Print the lines in the listing below starting at the line with "Altın Geometrik Sütun" and ending at the line with "thumbnail image 6", both included. Reproduce them exactly and omit every picture.

Dataset.

--------------------------------

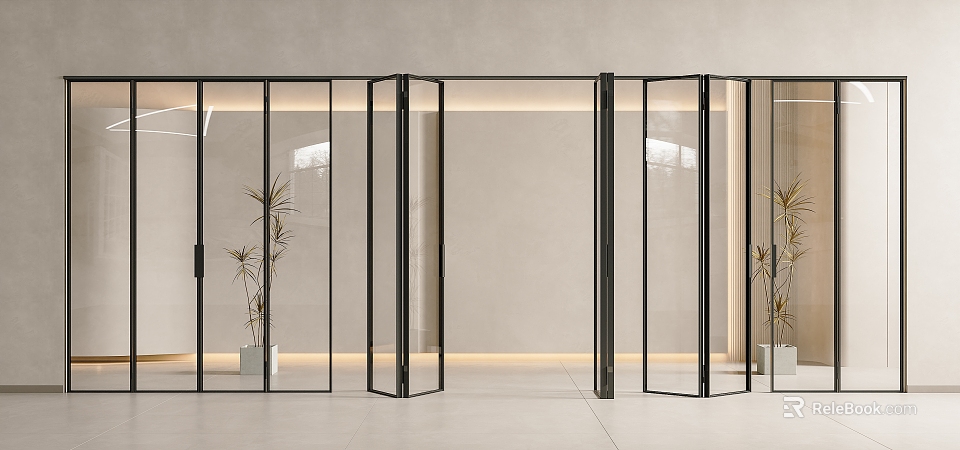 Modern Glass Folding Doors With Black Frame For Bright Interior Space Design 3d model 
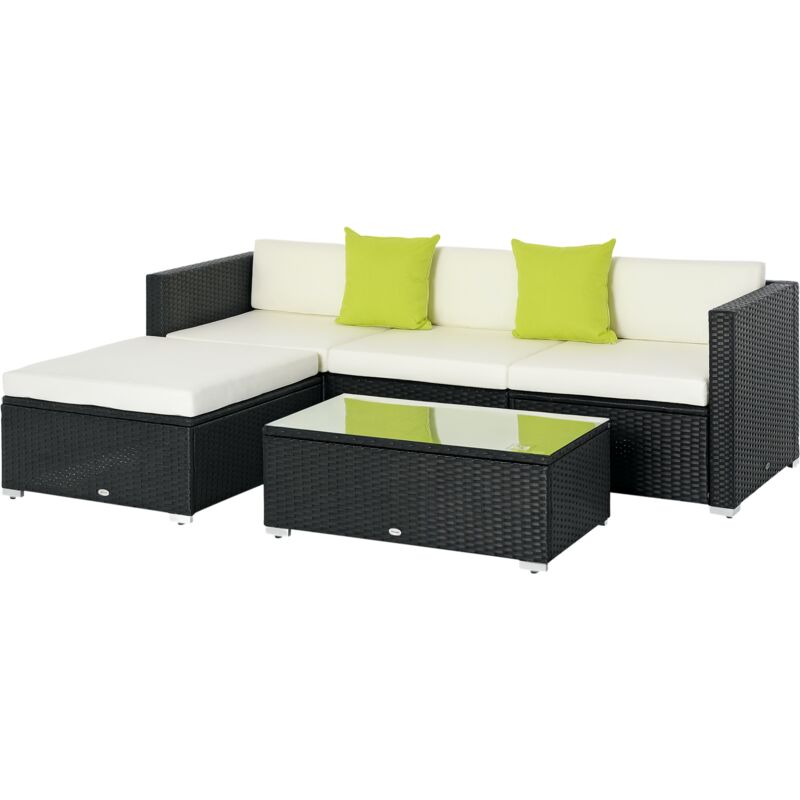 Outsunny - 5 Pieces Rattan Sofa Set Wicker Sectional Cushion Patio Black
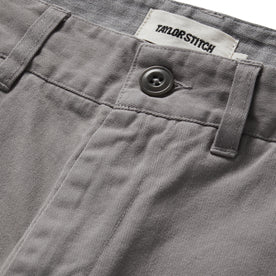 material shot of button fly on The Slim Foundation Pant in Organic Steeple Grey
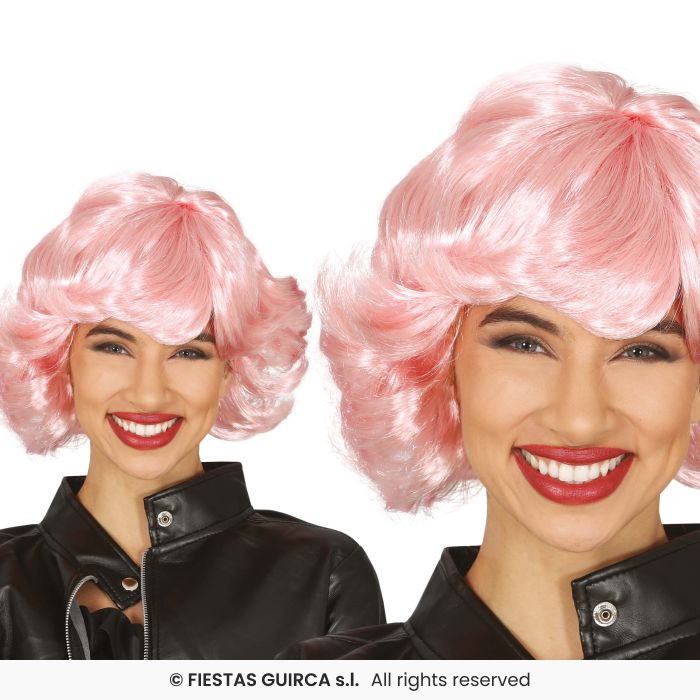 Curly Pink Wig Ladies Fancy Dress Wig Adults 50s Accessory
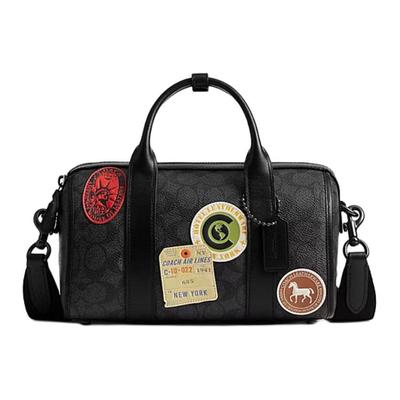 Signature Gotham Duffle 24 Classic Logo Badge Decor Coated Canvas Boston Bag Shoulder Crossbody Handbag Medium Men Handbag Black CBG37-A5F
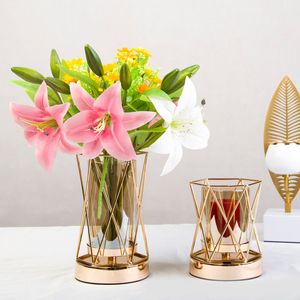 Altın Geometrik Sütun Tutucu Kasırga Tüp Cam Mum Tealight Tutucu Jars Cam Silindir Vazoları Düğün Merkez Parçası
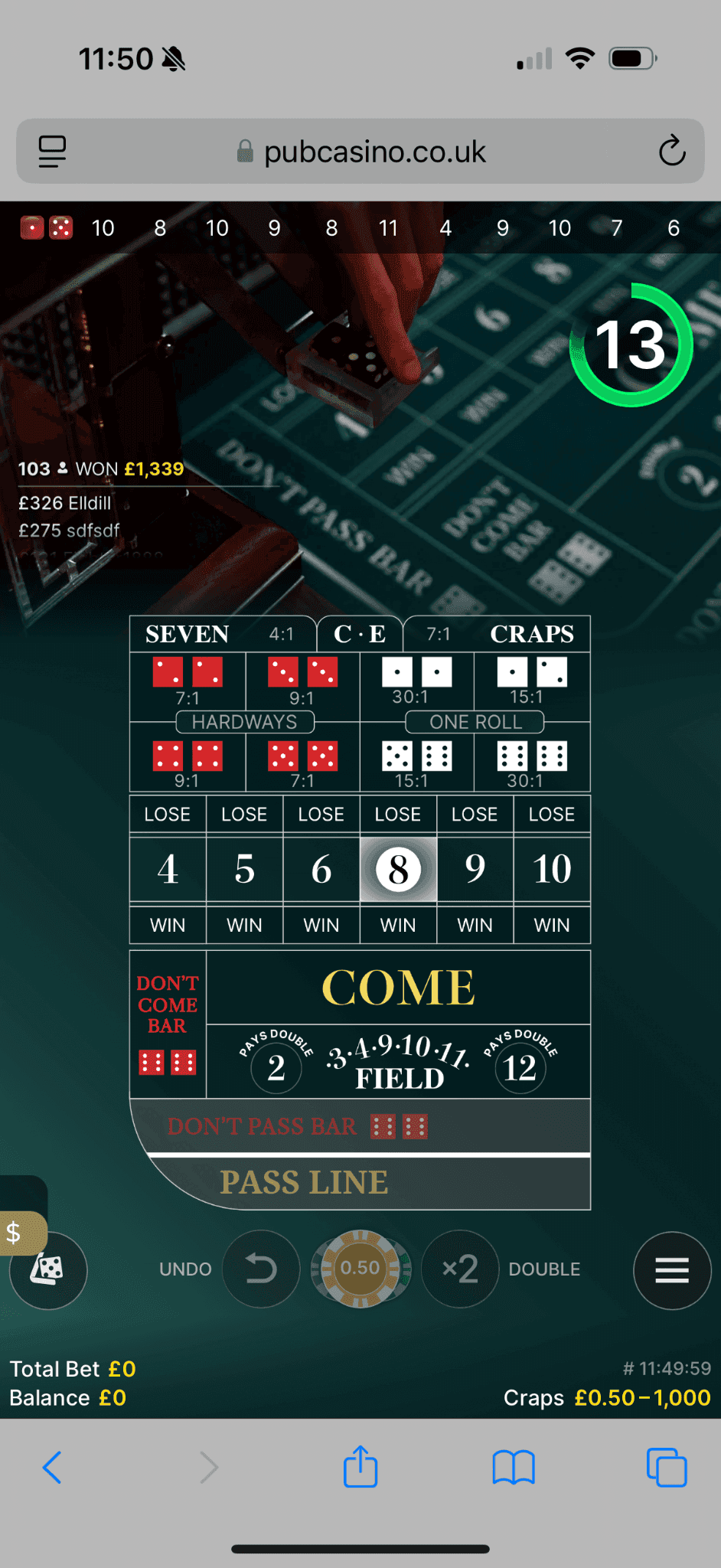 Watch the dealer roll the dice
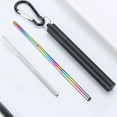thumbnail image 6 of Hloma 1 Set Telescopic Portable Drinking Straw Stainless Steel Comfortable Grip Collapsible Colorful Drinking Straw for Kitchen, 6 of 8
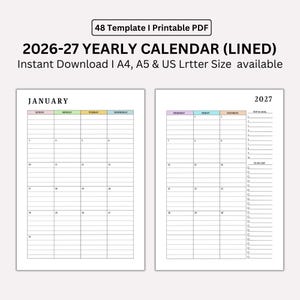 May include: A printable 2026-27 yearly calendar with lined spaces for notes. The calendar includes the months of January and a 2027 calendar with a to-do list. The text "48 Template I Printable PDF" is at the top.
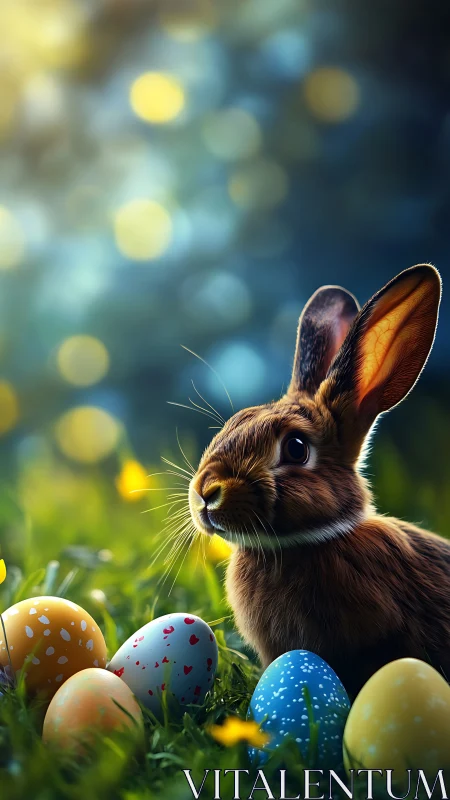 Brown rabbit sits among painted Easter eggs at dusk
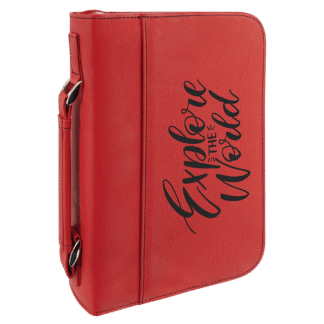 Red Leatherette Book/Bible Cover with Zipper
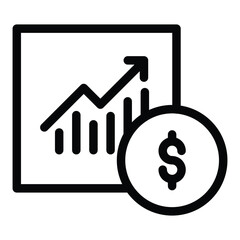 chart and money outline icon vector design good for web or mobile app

--------------------------------

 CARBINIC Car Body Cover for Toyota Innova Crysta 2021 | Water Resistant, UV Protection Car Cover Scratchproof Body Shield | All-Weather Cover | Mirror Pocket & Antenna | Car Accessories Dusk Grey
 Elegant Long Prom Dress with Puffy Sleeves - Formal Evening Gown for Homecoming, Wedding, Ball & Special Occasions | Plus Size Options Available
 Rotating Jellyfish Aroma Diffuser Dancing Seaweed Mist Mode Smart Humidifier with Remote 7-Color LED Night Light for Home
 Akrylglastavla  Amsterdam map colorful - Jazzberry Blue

--------------------------------

Expected answer.
 Altın Geometrik Sütun Tutucu Kasırga Tüp Cam Mum Tealight Tutucu Jars Cam Silindir Vazoları Düğün Merkez Parçası
 Watch the dealer roll the dice
thumbnail image 6 of Hloma 1 Set Telescopic Portable Drinking Straw Stainless Steel Comfortable Grip Collapsible Colorful Drinking Straw for Kitchen, 6 of 8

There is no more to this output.